As they showed in Round 1 vs. Detroit, the Lightning aren't a perfect team and are perfectly capable of coming up with a flat effort or two in a series. But the Habs will be facing a Bolts squad that has yet to lose two consecutive games in these playoffs and it remains a near-insurmountable task for them to sweep the final four games of this battle.
The Canadiens took it to Tampa right out of the gate in Game 4 of the series, going up 1-0 on an Andrei Markov goal 2:44 into the first, extending the lead on a Max Pacioretty shorthanded goal six minutes later, and chased goalie Ben Bishop from the Lightning's net at the 5:08 mark of the second period after he surrendered a weak goal to David Desharnais. Bishop allowed three goals on 14 shots, but his replacement Andrei Vasilevskiy didn't fair much better, giving up a pair of goals in a 15-second span midway through the second period to make it 5-0 and essentially put the game out of reach.
All in all, Montreal dominated Tampa Bay, got a typically solid start out of goalie Carey Price (who stopped 22 of 24 shots), forced the Lightning into 10 giveaways while making only three themselves, and, perhaps most importantly, received long-overdue production from its forwards: Pacioretty finished Game 4 with a game-best three points; twenty-one-year-old center Alex Galchenyuk chipped in a pair of assists and finished tied with teammate Lars Eller for the most shots of any player (six); and Desharnais and Brandon Prust both scored their first playoff goals this year. They looked like a team that knew it was getting a giant monkey off its back by ending their eight-game losing skid against the Bolts (including the regular-and-post-season).
With Price between the pipes, Montreal has more of a shot of winning three more games to move on to the Eastern Conference Final for the second straight season. But there are a few reasons to believe the hole they dug in Games 1-through-3 is too deep from which to self-rescue.
As noted above, the Lightning haven't dropped two games in a row since the playoffs began. In their opening-round matchup against Detroit, they lost Games 3 and 5 by a combined score of 7-0, yet were resilient enough to rebound from a 3-2 series deficit and eliminate Mike Babcock's charges in seven games. The Bolts have such a wealth of talent – and such a capable bench boss in the unflappable Jon Cooper – they don't dwell on things that don't go their way.
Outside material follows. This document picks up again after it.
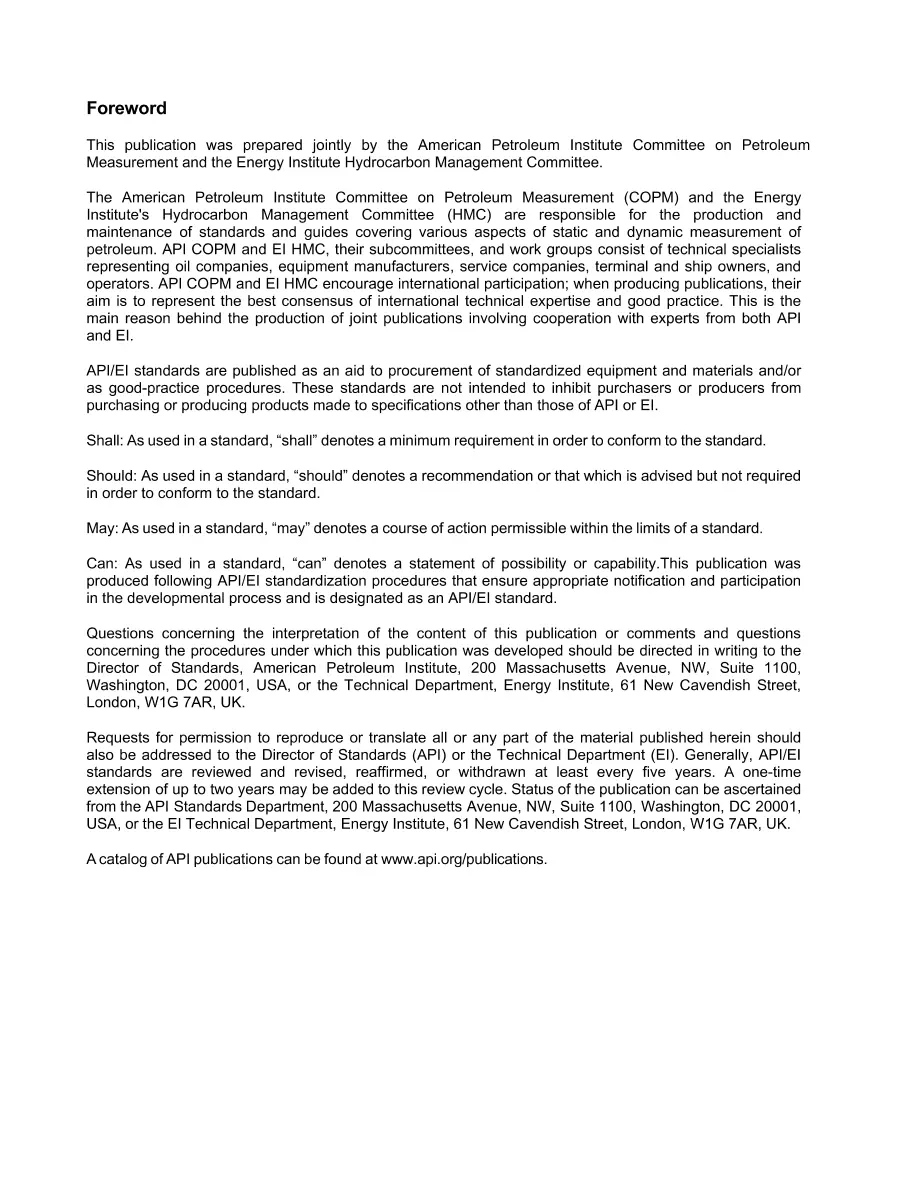 API MPMS Chapter 22.7 API MPMS Chapter 22.7 pdf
More than likely, Bishop will be back in net for Game 5 and eager to avenge his worst performance since Game 1 vs. the Wings, and given that he had posted a .970 save percentage in his previous four games, you can't help but think he'll present a far tougher challenge for the Habs on Saturday.
And there are other reasons for the Canadiens to worry about what's still to come for them. Despite recording his second assist in as many games Thursday, superstar center Steven Stamkos failed to register a shot on net for the second straight game – but in Tampa Bay's 6-2 Game 2 romp, he had his best playoff game yet this year with a goal and three points. To imagine he's not going to have any impact on the scoresheet in the next three games is to wish upon a star.
Dreams can come true for any team, especially one with Price stopping pucks for them. But make no mistake: at this point in the series, this dream is still a lot closer to Pipe Level than it is to the Come True stage.
The Habs clearly aren't pushovers, but the Lightning aren't a Jenga puzzle built on a three-legged table. And they're still the favorites, no matter how off-kilter they appeared Thursday.